Si vous avez un tas de choses aléatoires et que vous les regroupez, il ne va rien se passer d'utile. Il faut donc faire attention à la géométrie des matériaux, qui assure que seulement les choses voulues se construisent. C'est la première chose. Ensuite, il faut que ces matériaux collent ensemble. Mais si tous se collent entre eux, comme un ensemble d'aimants, il n'en ressort rien d'utile. Il faut donc des modèles d'attraction spécifiques ou ce que l'on appelle des interactions locales faibles, qui permettent au matériaux de s'assembler et de se séparer si le résultat n'est pas le bon, pour se réassembler ensuite. Enfin, il faut la bonne quantité d'énergie  pour qu'elle s'assemblent. C'est un équilibre délicat de ces trois choses qui permet l'auto-assemblage.

L'autre sujet de vos recherches sont les matériaux programmables. De quoi s'agit-il ?
Il s'agit de matériaux physiques tels que le bois, le métal, le plastique ou le caoutchouc et nous les programmons pour qu'ils changent de forme, de propriété, qu'ils deviennent des capteurs ou des actionneurs. Par exemple, le braille est une information géométrique, un code géométrique, mais il n'envoie aucun message, ne bouge pas... Ce que nous essayons de faire est d'avoir une information géométrique et des matériaux qui répondent à l'environnement pour devenir utiles. De cette manière, ils peuvent devenir actionneurs - faire bouger quelque chose, se plier, se déplacer à travers une table - ou capteurs - ils sentent l'humidité, la lumière, la température, l'électricité. Et ils peuvent se combiner. On peut ainsi créer différentes fonctions logiques : s'il y a de l'humidité, plie toi à 90 degrés ; s'il y a du soleil, fais ceci ; s'il y a de l'humidité et de la chaleur, fais cela... Une logique basée sur les interactions.

Quelles peuvent être les applications dans la vie de tous les jours ?
L'auto-assemblage est davantage de la recherche fondamentale, dans le but de voir ce qui est possible. Au contraire, les matériaux programmables ont des applications plus concrètes. Nous travaillons avec beaucoup d'entreprises comme Airbus, mais aussi sur des meubles, des chaussures, des voitures... Pour les entreprises, l'objectif principal est de créer des produits ou des outils de production de plus en plus intelligents avec de moins en moins d'électromécanique.

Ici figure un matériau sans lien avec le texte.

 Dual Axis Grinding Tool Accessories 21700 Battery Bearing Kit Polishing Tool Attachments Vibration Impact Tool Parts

Nous voulons des textiles plus intelligents, des vêtements, des meubles... Donc, nous développons des matériaux qui répondent à un déclencheur de manière utile : changement de forme, de propriétés - plus respirant, plus étanche, plus confortable par exemple. Il peut s'agir de produits existants comme une chaussure et nous développons des matériaux qui peuvent se transformer pour créer la bonne forme par exemple. Des vêtements respirants quand vous avez trop chauds, étanches quand le temps est humide.

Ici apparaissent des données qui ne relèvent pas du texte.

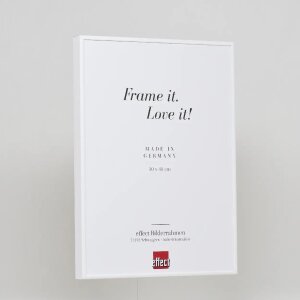 Cadre photo Effect en aluminium Quadro 70x100 cm blanc verre clair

Nous avons aussi développé de nouvelles manière de produire. Par exemple, des matériaux présentés sous forme plane peuvent se transformer en un produit voulu au lieu de faire de l'impression 3D ou des les mouler. On peut aussi programmer un matériau livré sous forme de plaque chez vous et qui se transforme lui-même en un produit, sans besoin de l'assembler, en passant d'une plaque à une table par exemple.

Quand ces produits pourraient-ils sortir sur le marché ?
Difficile à dire. Dans notre labo, nous inventons de nouveaux matériaux et de nouveaux systèmes puis nous collaborons avec l'industrie. À un certain point, l'industrie s'empare de la technologie et elle est en mesure de la mettre en œuvre ou pas. Cela dépend de leur motivation, du marché, de la demande, toutes ces choses qui n'ont rien à voir avec l'invention en elle-même. Certaines industries sont plus rapides que d'autres, comme le sportswear par exemple, parce qu'elle sont dans une logique de marketing et de performance. Donc, dans ce domaine-là, cela pourrait apparaître dans cinq ans à peu près. Mais dans l'aéronautique, le spatial ou les outils médicaux, ce sera beaucoup plus long en raison de la régulation et des nombreux challenges.

Mais la technologie est au point ?
Oui, la technologie est là. La réalité entre l'invention et la mise en œuvre, c'est l'adaptabilité. Peut-on produire à grande échelle ? À un coût raisonnable ? Le produit est-il durable ? Et il y a des choses sur lesquelles nous devons travailler pour en arriver là.